Child health not ‘given the political attention it deserves’

The government in England is not hitting key targets on child health, says the Royal College of Paediatrics and Child Health (RCPCH).

Following its latest report into paediatric health, the RCPCH says some progress has been made in areas set out a year ago, but added that overall funding cuts were disproportionately affecting children’s services.

While the Scottish and Welsh Governments were credited for their efforts overall, health services in England were criticised for not increasing investment in child health research and making no progress on an overarching child health strategy.

Professor Neena Modi, president of the RCPCH, emphasised the effect that can be created by focusing on children’s health, specifically as a preventative measure for other problems that can develop later in life.

“The science exists for all to see, invest in the health of children and make a huge difference to their health in later life and hence to their economic productivity,” Modi said.

“For example, four-fifths of obese children will remain obese as adults and this will result in them losing between 10-20 years of healthy life.

“That’s a very frightening statistic and something that the government must get to grips with. It’s no wonder the NHS is burgeoning under the weight of ill health. This is time for a long vision for the sake of the nation’s wellbeing and prosperity, yet the focus remains short-term and ineffective.”

There was credit given to English health leaders for the launch of the Digital Child Health Strategy, the beginning of the Tobacco Control Plan, and the implementation of some key specialist service reviews.

However, the failure to put in place a junk food advertising ban, and the lack of a system to measure UK breastfeeding prevalence brought further criticism on the government.

Professor Russell Viner, RCPCH officer for health promotion, commented: “Child health isn’t being given the political attention it deserves in Westminster, which is disappointing given the real commitments from the Scottish and Welsh Governments.

“While policies such as the soft drinks industry levy and new tobacco control plan are to be applauded, the approach is piecemeal.
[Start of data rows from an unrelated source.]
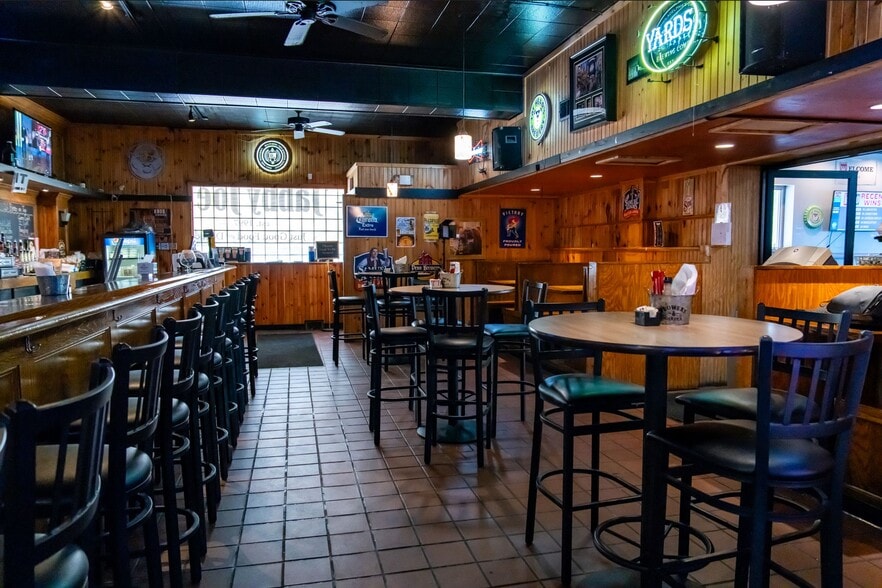 More Photos Of 1562 Island Ave, McKees Rocks Restaurant For Sale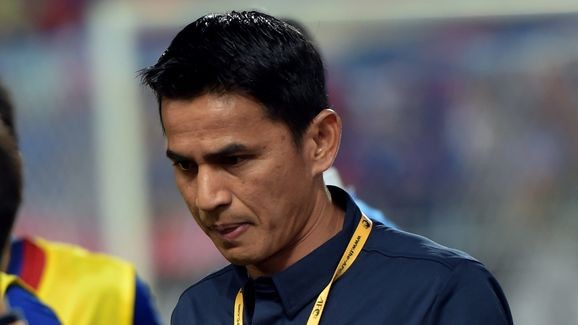 HLV Kiatisak buông World Cup để dồn sức chiến 'ao làng' HLV Kiatisak đặt mục tiêu bảo vệ thành công ngôi vô địch ở AFF Cup 2016.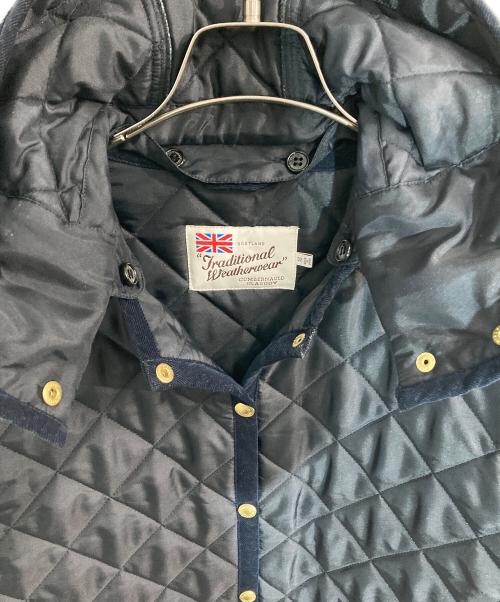 Traditional Weatherwear（トラディショナルウェザーウェア）Traditional Weatherwear (トラディショナルウェザーウェア) 2WAYキルティングコート ネイビー サイズ:32の古着・服飾アイテム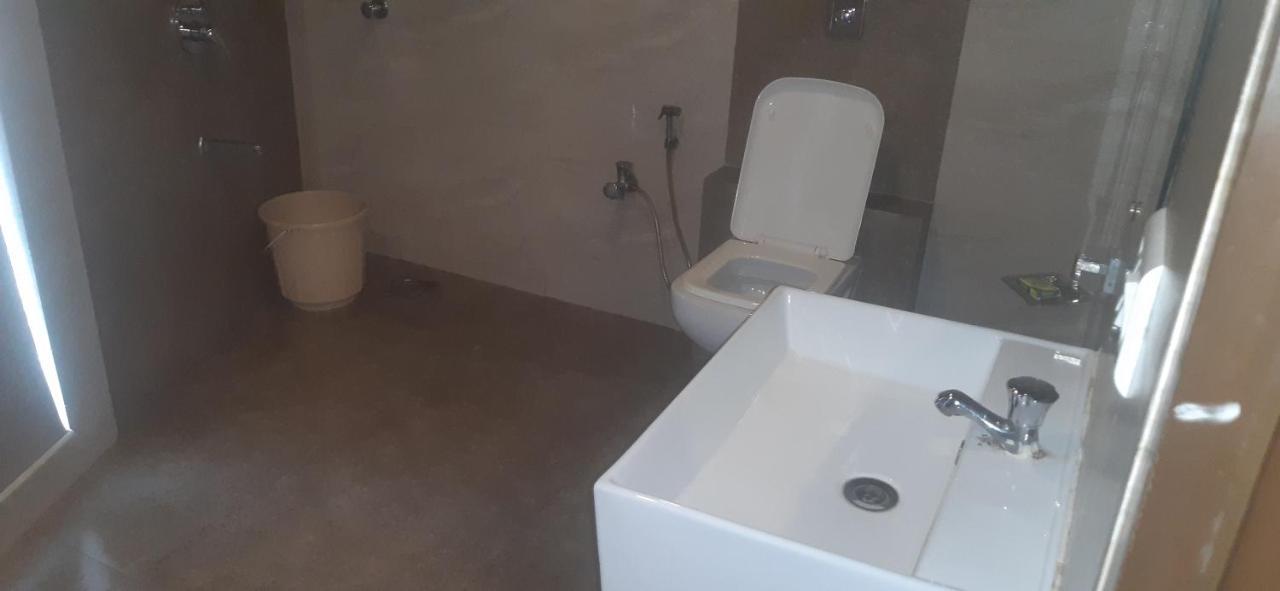Hotel Sai Comforts Bapane Zewnętrze zdjęcie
Getting it right in childhood means setting up future generation for a lifetime of better health. Investing in children is an investment in the entire population.”
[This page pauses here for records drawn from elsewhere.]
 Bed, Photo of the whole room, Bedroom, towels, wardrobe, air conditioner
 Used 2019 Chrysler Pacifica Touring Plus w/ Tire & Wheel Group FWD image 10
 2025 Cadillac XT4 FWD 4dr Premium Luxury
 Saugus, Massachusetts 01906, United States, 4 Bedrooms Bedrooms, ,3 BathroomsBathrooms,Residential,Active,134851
In addition to the health sector, the issue has also hit councils because a lot of early-life services are run by local authorities.
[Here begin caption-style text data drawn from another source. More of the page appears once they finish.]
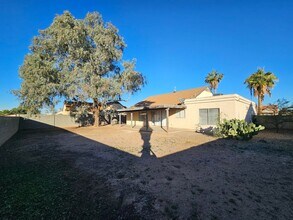 7027 W Cherry Hills Dr in Peoria, AZ - Building Photo - Building Photo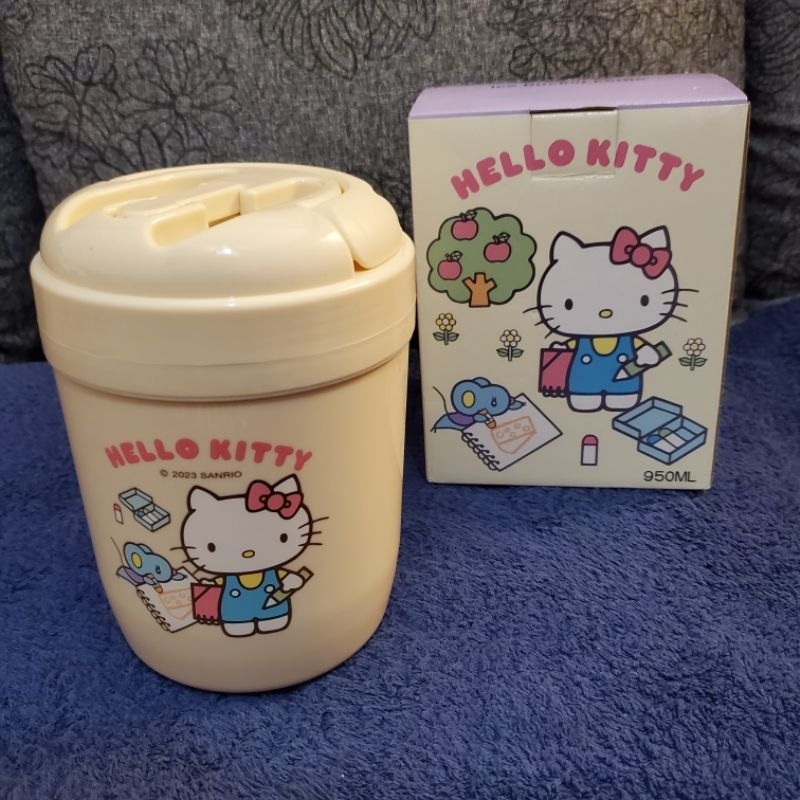 【全新】正版，三麗鷗授權。Hello Kitty 冰桶水壺(950ml)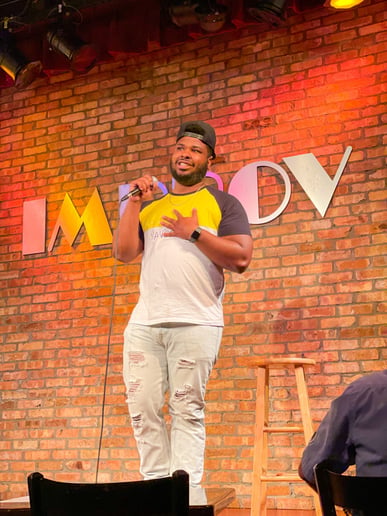 Gallery photo 5 of 407Kevin Comedy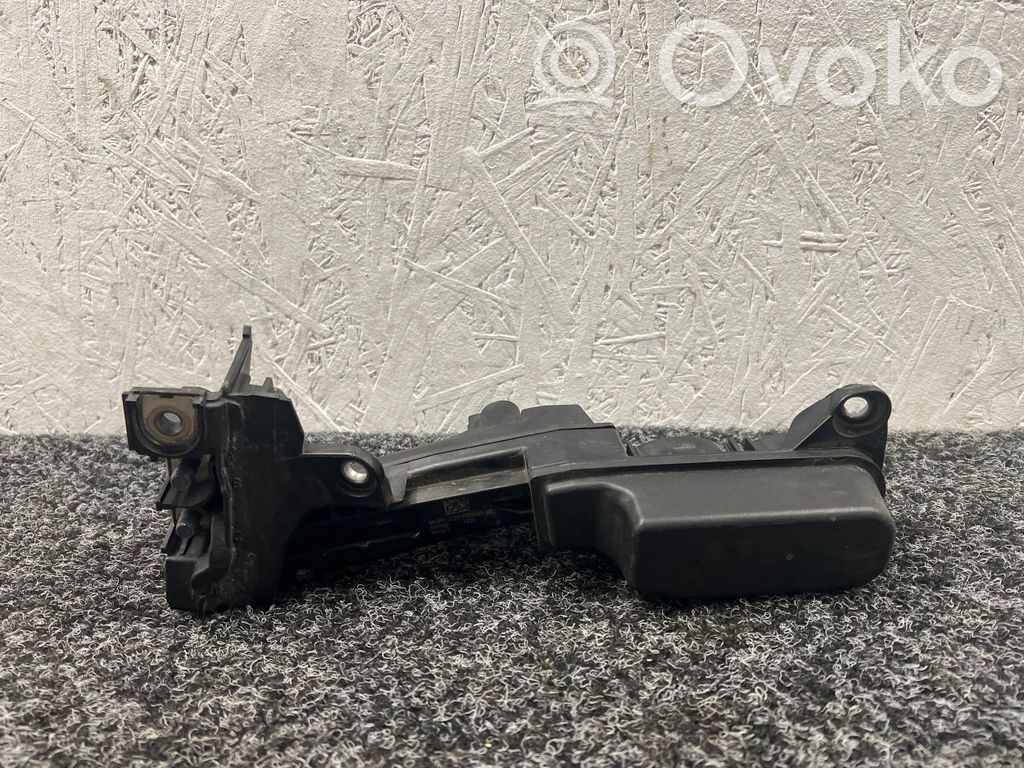 BMW 5 G30 G31 G38 Srovės išlyginimo rėlė 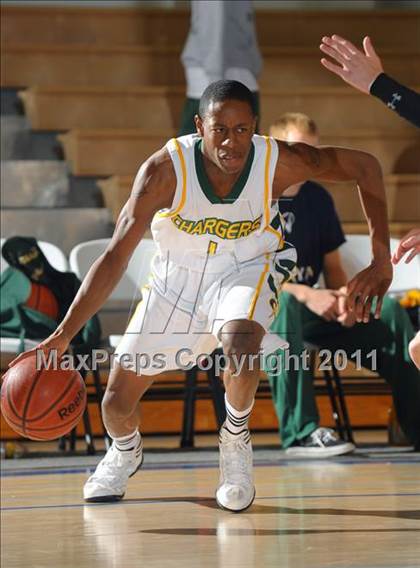Thumbnail 2 in Moorpark vs. Edison (MaxPreps Holiday Classic) photogallery.
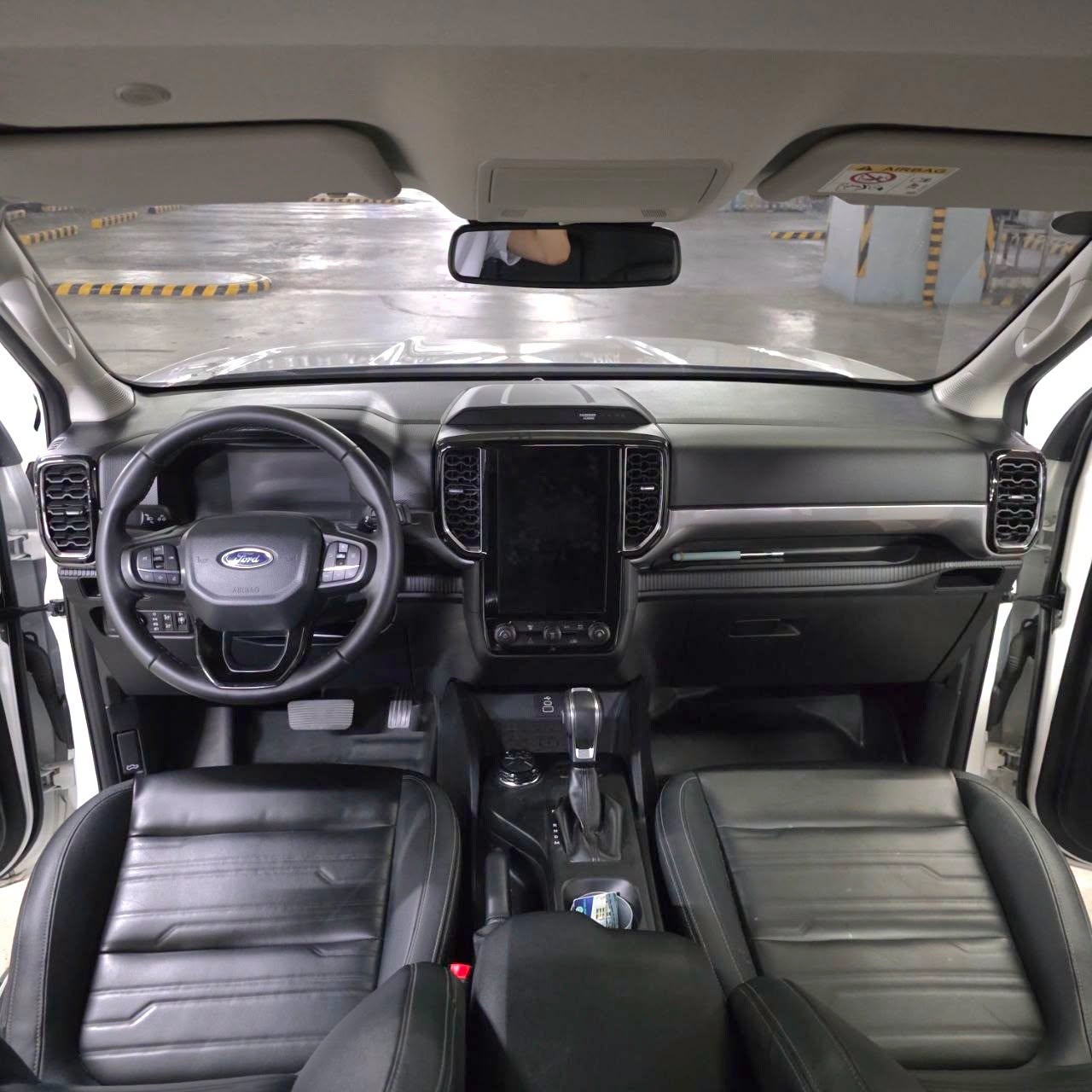 
								2025 Next-Gen Ford Ranger Sport 2.0L 4X4 DSL AT full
The Local Government Association’s (LGA) community wellbeing board chair Cllr Izzi Seccombe, used the opportunity to call for greater funding to care in order to stop vital services being put under pressure.

“The LGA has long called for fundamental reforms to tackle childhood obesity, such as for councils to be given a say in how and where the soft drinks levy is spent, better labelling on food and drink products, and for councils to be given powers to ban junk food advertising near schools,” she explained.

“Public health services play a vital role in improving the health of children, young people and adults, reducing the need for treatment later down the line and easing the pressure on the NHS.

“Unless this is properly funded, it will put services at risk which are vital in supporting the health and development of babies, children and families.”